▸ **Work task**
Retype every line from the top of the entries down to the one with "El primer ministro", both included, and skip the pictures.

═══ Data supplied ═══

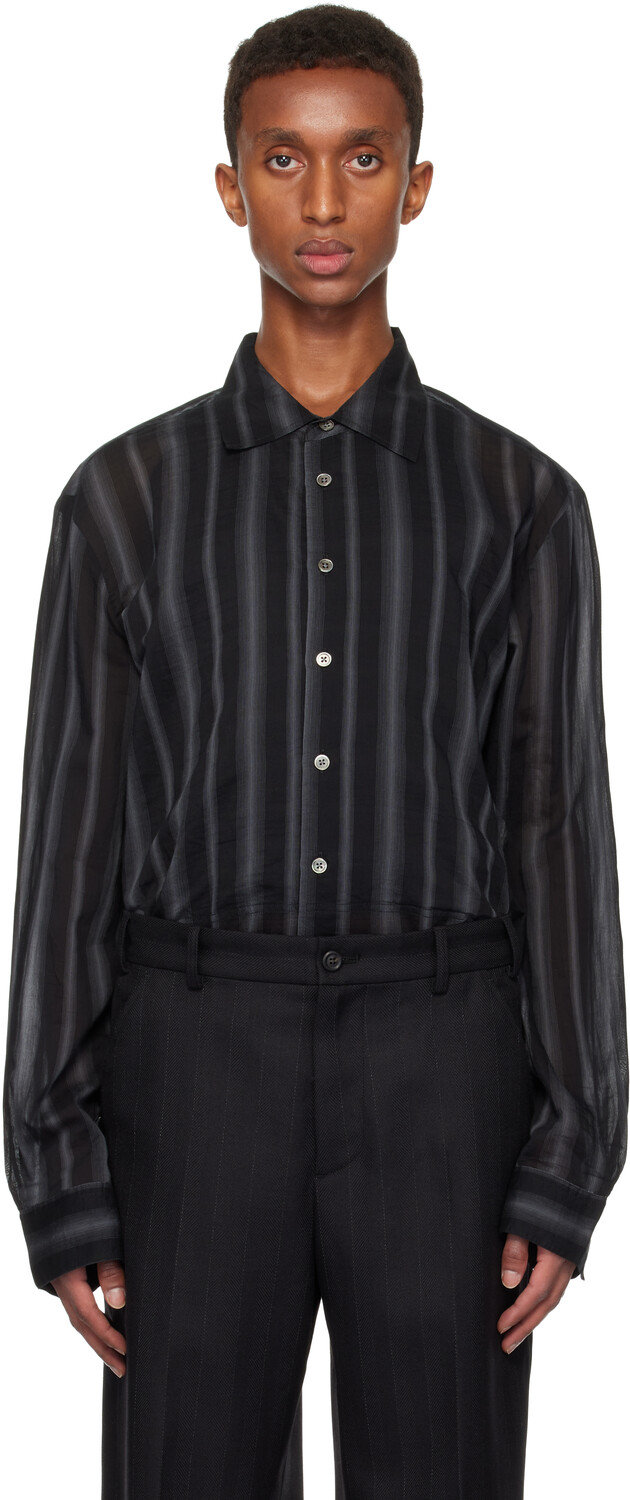 Черная рубашка с украшением OUR LEGACY
Черная рубашка с украшением OUR LEGACY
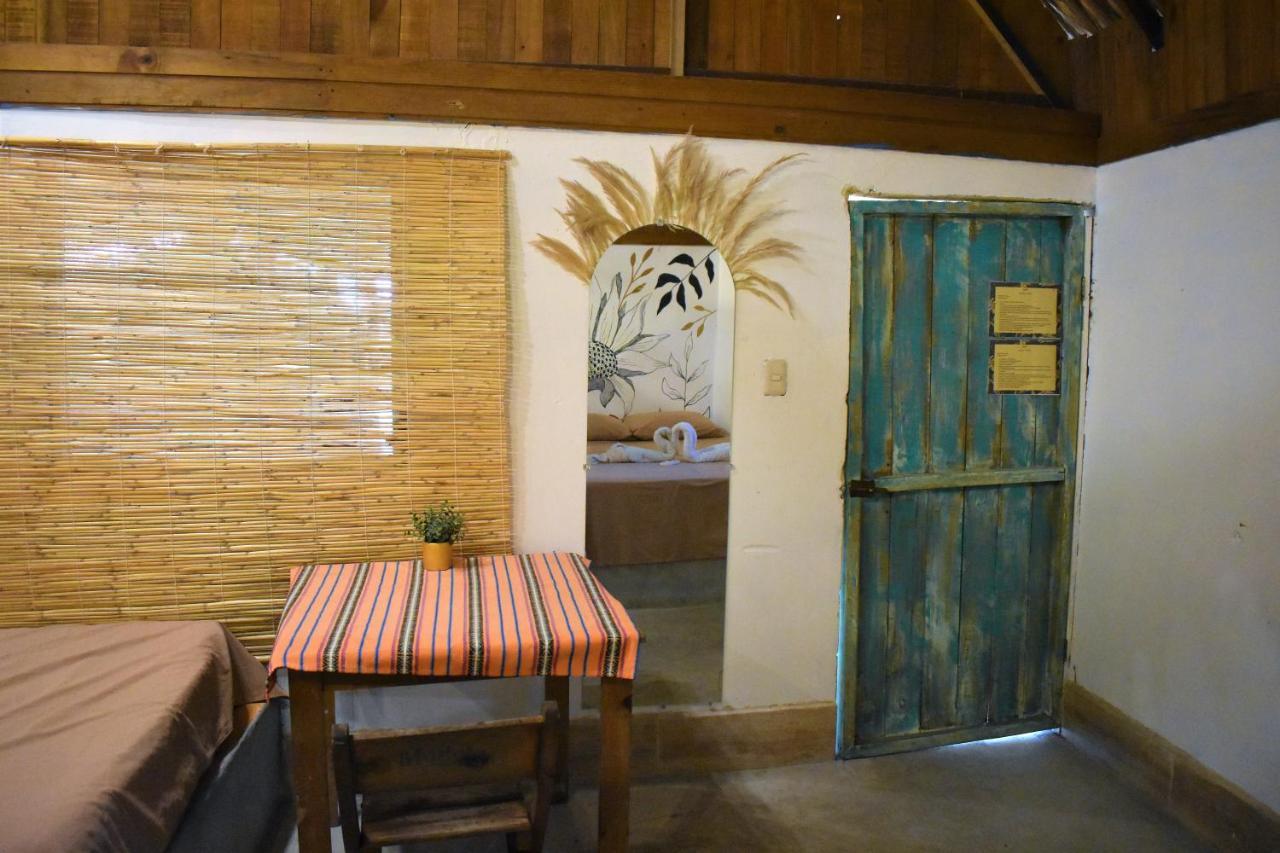 Hotel El Delfin Monterrico Kültér fotó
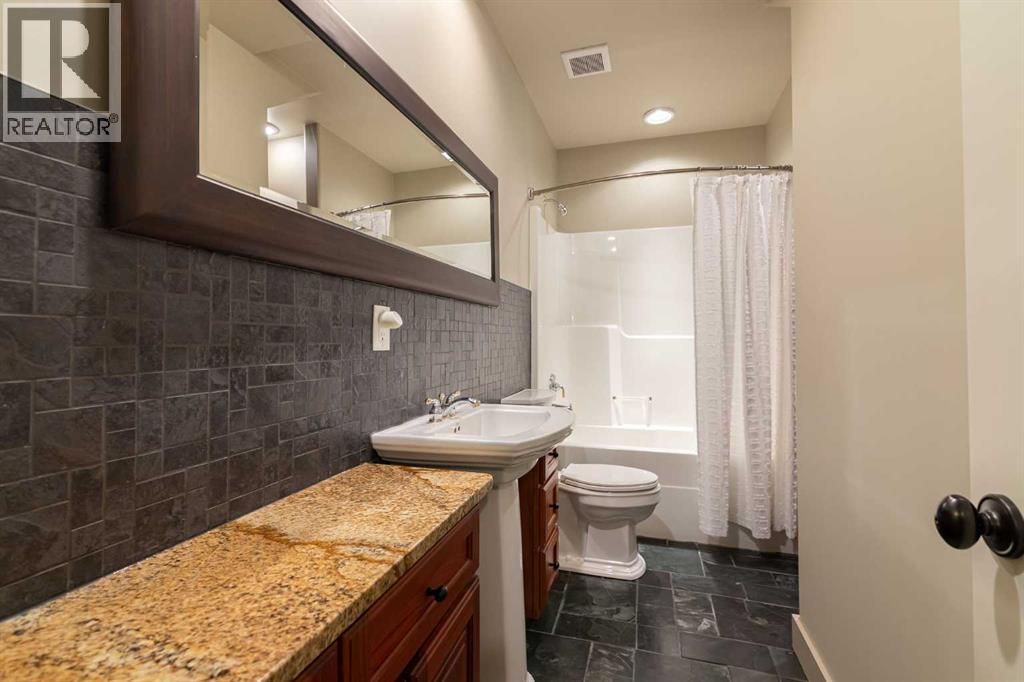 244 Canal Street, Rural Ponoka County, Alberta  T4L 2N3 - Photo 34 - A2266195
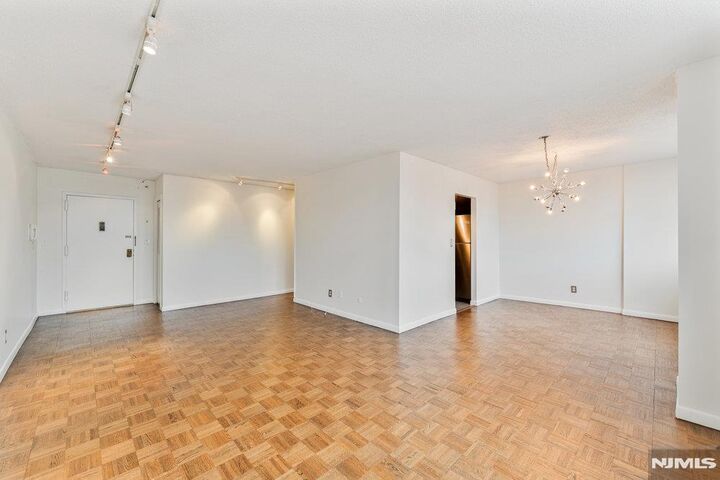 Property Photo: 160 Overlook Avenue 20D NJ 07601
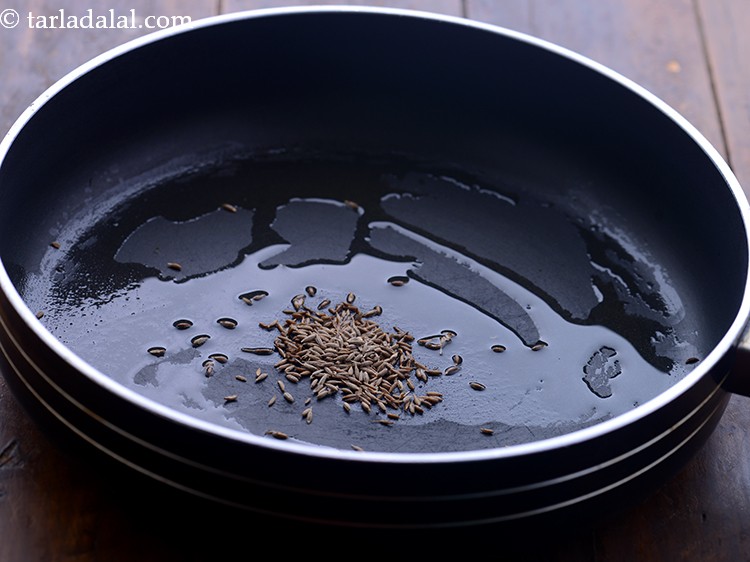 स्टेप 2 – तेल गरम होने के बाद जीरा डालें।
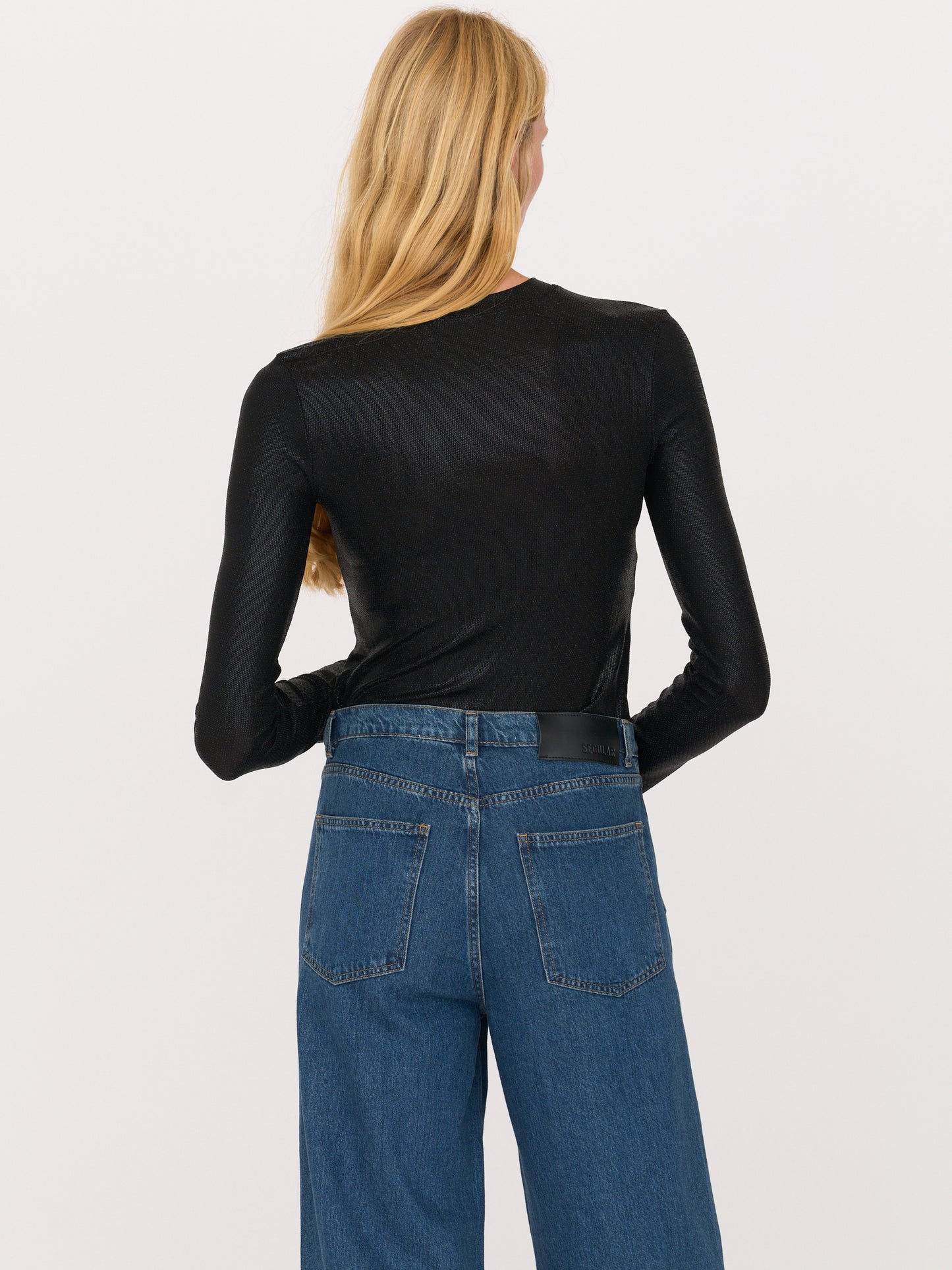 Flora Fitted Crew - Black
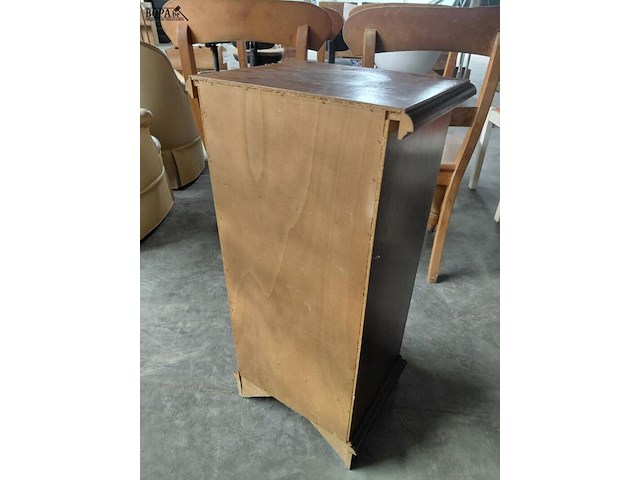 Lot 74 - oud halkastje - afbeelding 4 van  4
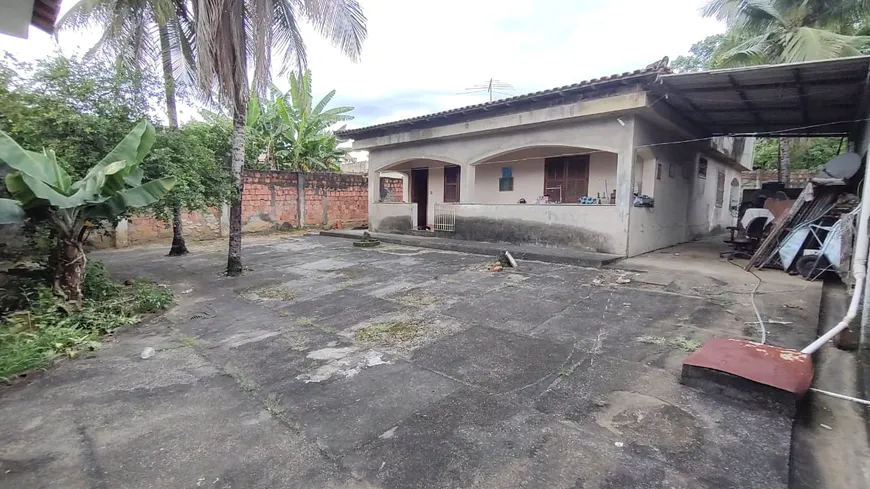 Foto 1 de Casa com 3 Quartos à venda, 415m² em Vila Maria Helena, Duque de Caxias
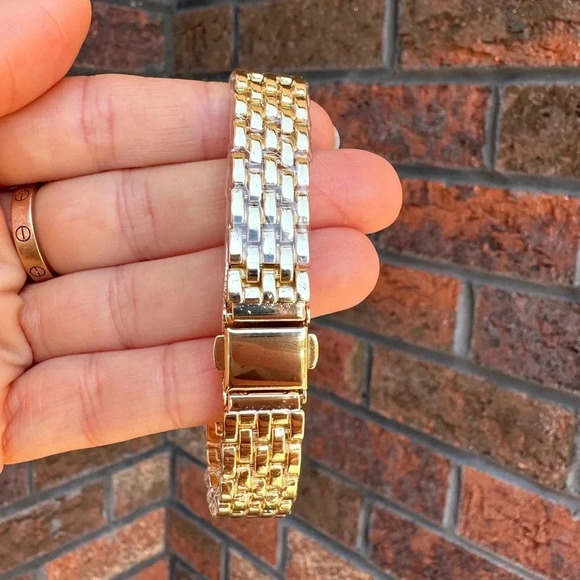 Panthere Classic Rectangle Gold Crystal Watch display picture 3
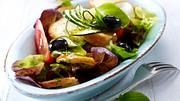 Mediterraner Brotsalat mit Tomaten, Zucchini, Oliven und Basilikum-Vinaigrett Rezept - Foto: House of Food / Bauer Food Experts KG
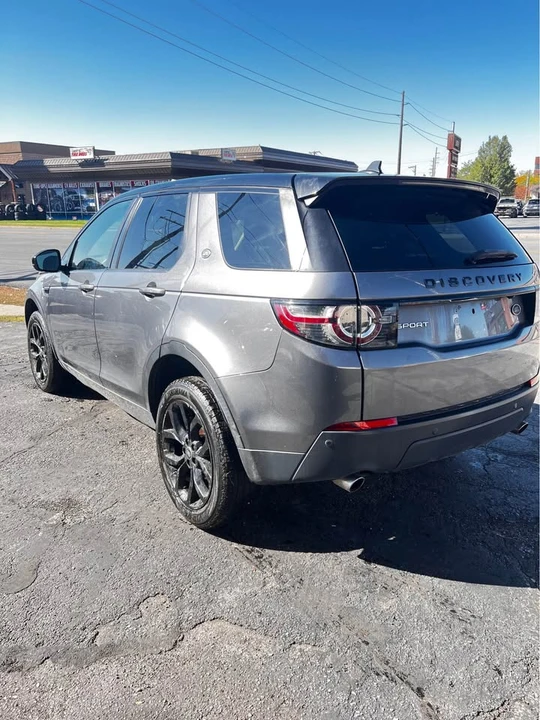 2016 Land Rover Discovery 4th Gen - Image 4 of 10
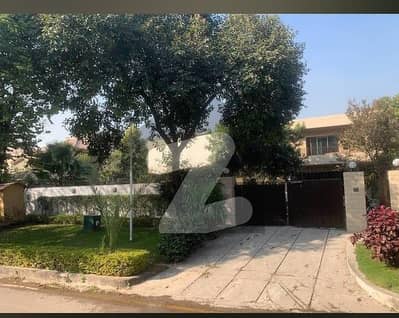 F-7/2 2 Kanal House Up For rent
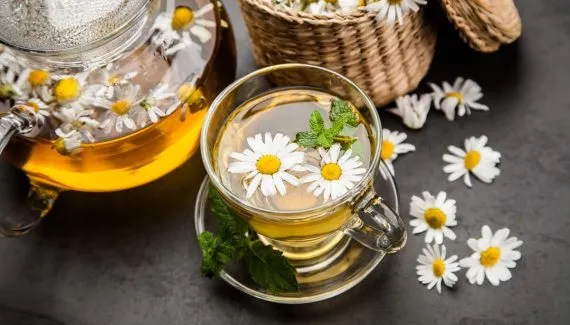 Para que serve o chá de camomila? Veja 8 receitas e seus benefícios para a saúde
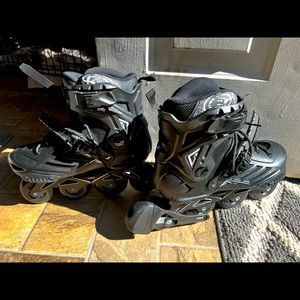 Roller blades practically new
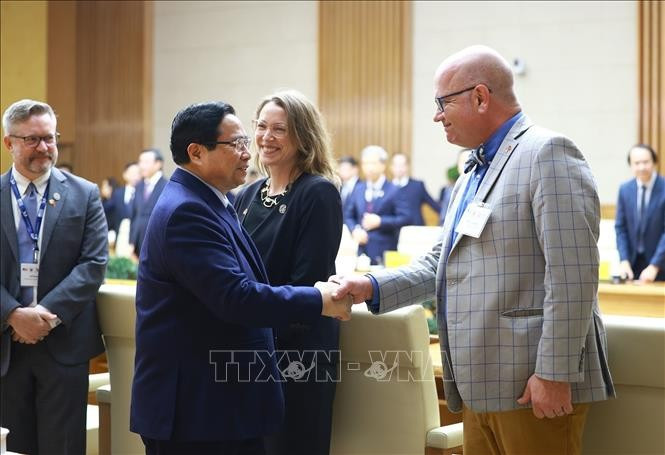 El primer ministro de Vietnam, Pham Minh Chinh, saluda a los representantes de las universidades estadounidenses (Foto: VNA)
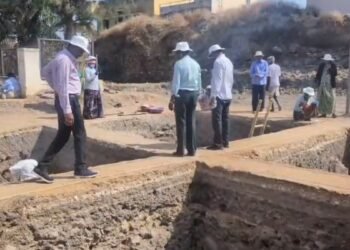 10ನೇ ದಿನಕ್ಕೆ ಕಾಲಿಟ್ಟ ಲಕ್ಕುಂಡಿಯಲ್ಲಿನ ಉತ್ಖನನ ಕಾರ್ಯ | A-1, B-1 ಗುಂಡಿಗಳಲ್ಲಿ ಬಿರುಕು.. ಗ್ರಾಮಸ್ಥರಲ್ಲಿ ಆತಂಕ!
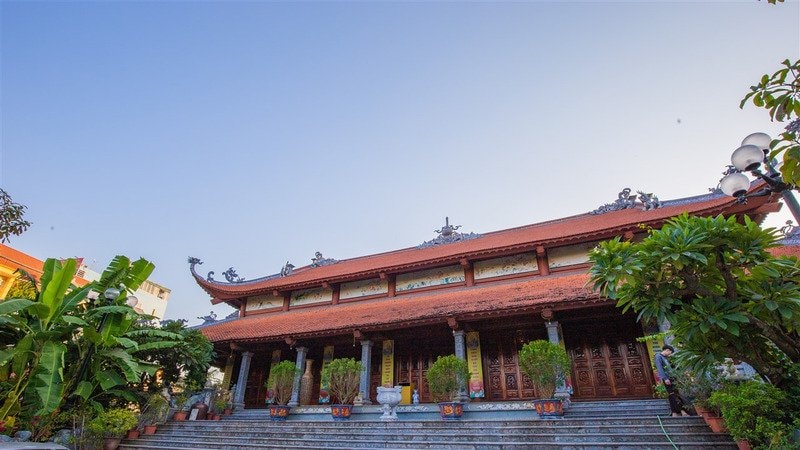Bên trong khu Chính Điện của Chùa Pháp Vân với các pho tượng Phật.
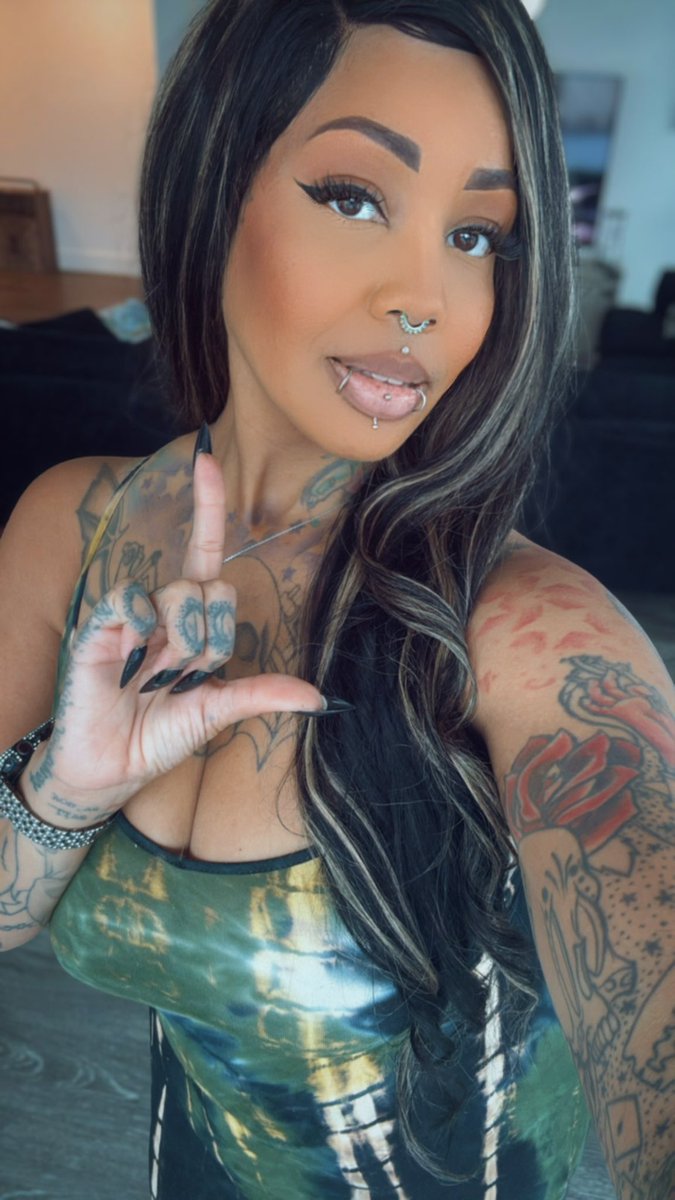 Sunday Worship is in service 🙇 How could you not kneel before a perfect Black Goddess like me? 

ᶠⁱⁿᵈᵒᵐ •ᶠᵉᵐᵈᵒᵐ • ᵇⁿʷᵒ • ᵉᵇᵒⁿʸᵍᵒᵈᵈᵉˢˢ • ˢᵖᵒⁱˡᵉᵈ • ᵇˡᵃᶜᵏᵍᵒᵈᵈᵉˢˢ• ᵖᵃʸᵖⁱᵍ • ʰᵘᵐᵃⁿᵃᵗᵐ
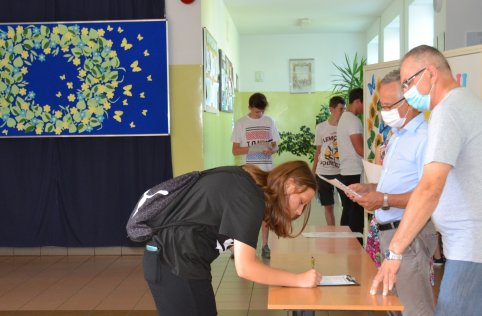 Wręczenie zaświadczeń z egzaminu ósmoklasisty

═══

▸ **Exercise output**
 Черная рубашка с украшением OUR LEGACY
Черная рубашка с украшением OUR LEGACY
 Hotel El Delfin Monterrico Kültér fotó
 244 Canal Street, Rural Ponoka County, Alberta  T4L 2N3 - Photo 34 - A2266195
 Property Photo: 160 Overlook Avenue 20D NJ 07601
 स्टेप 2 – तेल गरम होने के बाद जीरा डालें।
 Flora Fitted Crew - Black
 Lot 74 - oud halkastje - afbeelding 4 van  4
 Foto 1 de Casa com 3 Quartos à venda, 415m² em Vila Maria Helena, Duque de Caxias
 Panthere Classic Rectangle Gold Crystal Watch display picture 3
 Mediterraner Brotsalat mit Tomaten, Zucchini, Oliven und Basilikum-Vinaigrett Rezept - Foto: House of Food / Bauer Food Experts KG
 2016 Land Rover Discovery 4th Gen - Image 4 of 10
 F-7/2 2 Kanal House Up For rent
 Para que serve o chá de camomila? Veja 8 receitas e seus benefícios para a saúde
 Roller blades practically new
 El primer ministro de Vietnam, Pham Minh Chinh, saluda a los representantes de las universidades estadounidenses (Foto: VNA)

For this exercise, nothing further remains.